TempoScore¶
TempoScore is a unified composite metric that combines retrieval and generation quality into a single score for evaluating Temporal RAG systems.
Three Aggregation Methods¶
TempoScore provides three different scoring methods:
| Method | Key | Description |
|---|---|---|
| Weighted Average | tempo_weighted |
Simple weighted sum. Robust, never NaN. |
| Harmonic Mean | tempo_harmonic |
Penalizes low values.

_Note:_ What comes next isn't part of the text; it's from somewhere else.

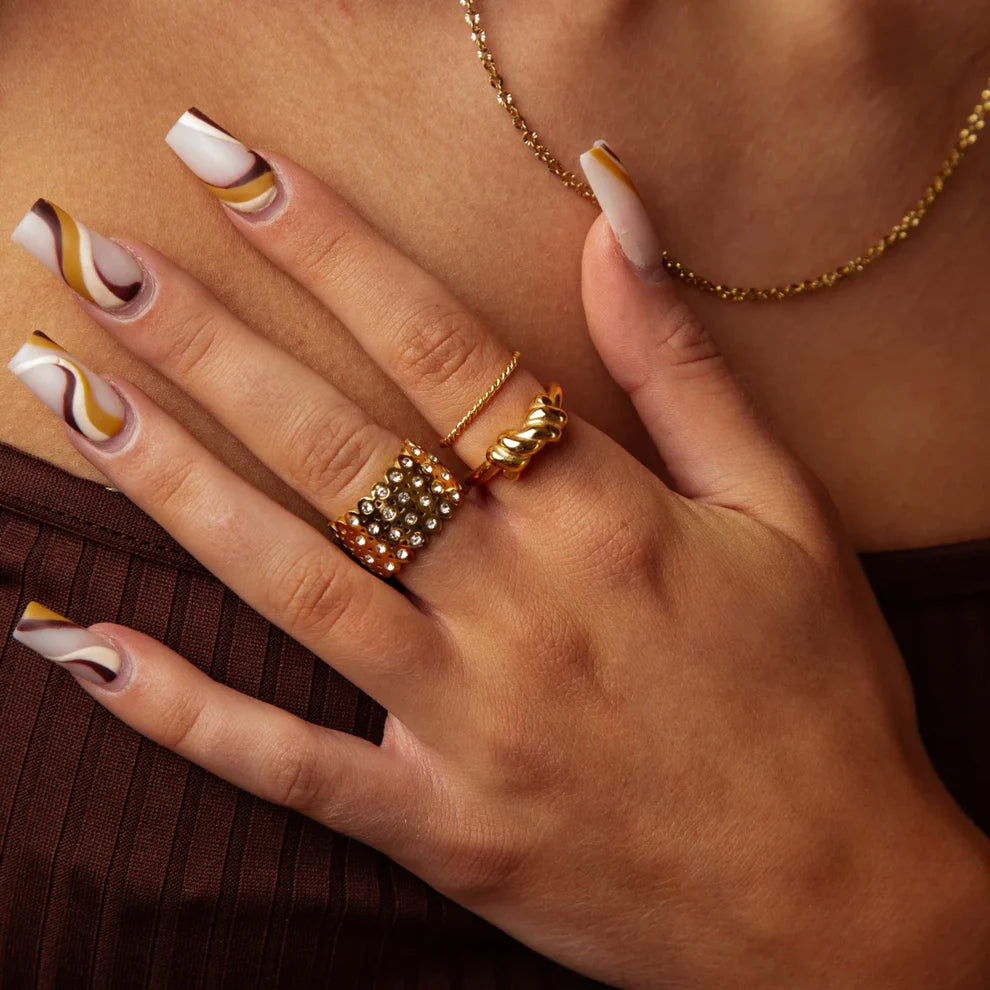 Anel Fino em Espiral Banhado a Ouro 18k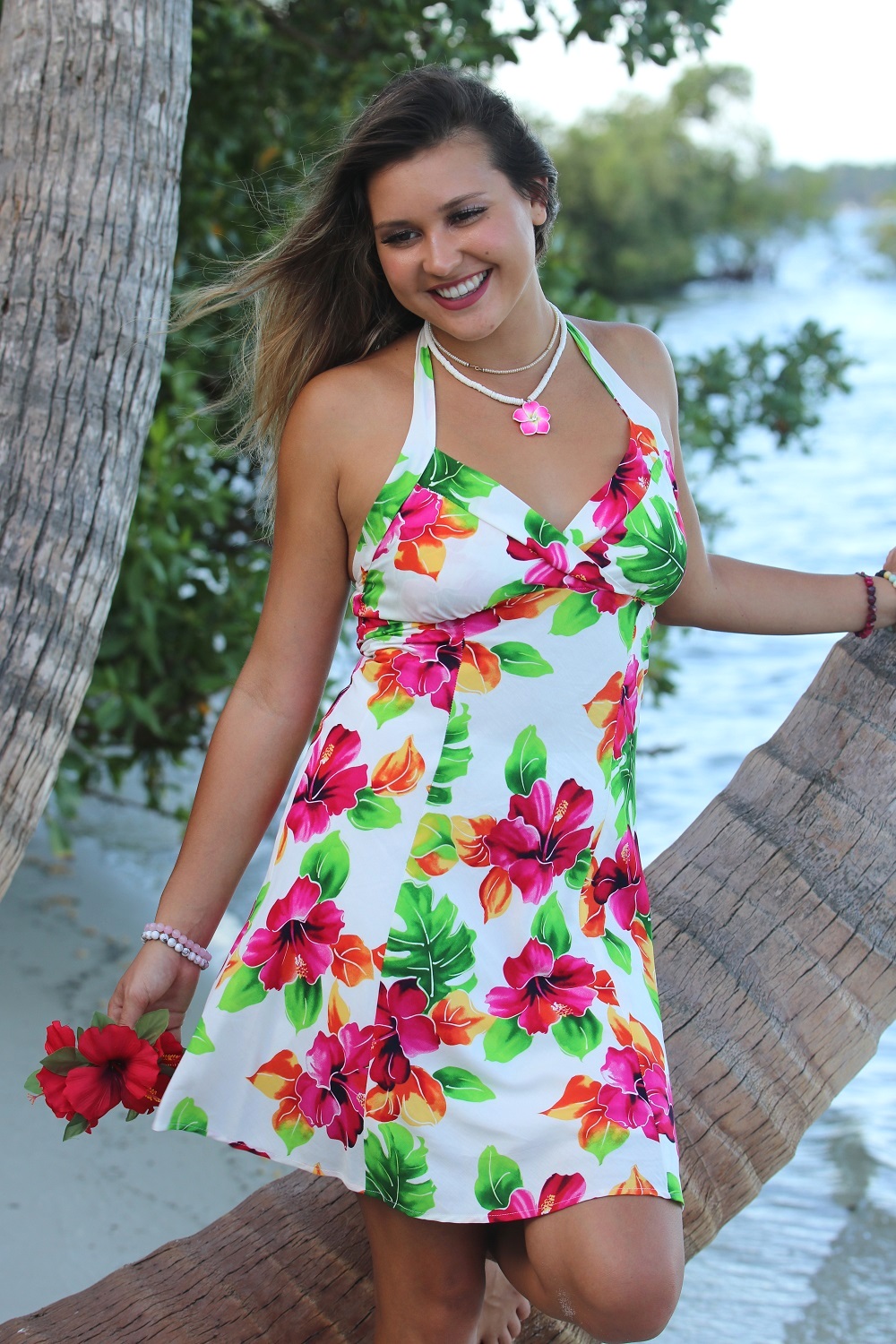 Hawaiian - Halter-Sundress-Hibiscus-Watercolor-white-Model-under-Palm-tree-at-the-Beach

Strict balance. |
| Layered F-Score | tempo_f_score |
Hierarchical F1. ⭐ Recommended |
Output Structure¶
{
'tempo_weighted': 0.8125, # Method 1: Weighted Average
'tempo_harmonic': 0.7983, # Method 2: Harmonic Mean
'tempo_f_score': 0.8324, # Method 3: Layered F-Score (recommended)
'retrieval_f1': 0.7467, # F1(Precision, Recall)
'generation_f1': 0.8727 # F1(Faithfulness, Coherence)
}
Components¶
| Layer | Metrics | What it measures |
|---|---|---|
| Retrieval | temporal_precision, temporal_recall |
Did we find the right time periods? |
| Generation | temporal_faithfulness, temporal_coherence |
Is the answer temporally accurate? |
Formulas¶
1. Weighted Average¶
\[
TempoScore_{weighted} = \frac{\sum w_i \cdot x_i}{\sum w_i}
\]
2. Harmonic Mean¶
\[
TempoScore_{harmonic} = \frac{\sum w_i}{\sum \frac{w_i}{x_i}}
\]
3. Layered F-Score (Recommended)¶
\[
Retrieval_{F1} = F_1(Precision, Recall)
\]
\[
Generation_{F1} = F_1(Faithfulness, Coherence)
\]
\[
TempoScore_{fscore} = F_1(Retrieval_{F1}, Generation_{F1})
\]
Usage¶
from tempoeval.metrics import TempoScore
metric = TempoScore()
result = metric.compute(
temporal_precision=0.8,
temporal_recall=0.7,
temporal_faithfulness=0.9,
temporal_coherence=0.85
)
# Access individual scores
print(f"Weighted: {result['tempo_weighted']}")
print(f"Harmonic: {result['tempo_harmonic']}")
print(f"F-Score: {result['tempo_f_score']}")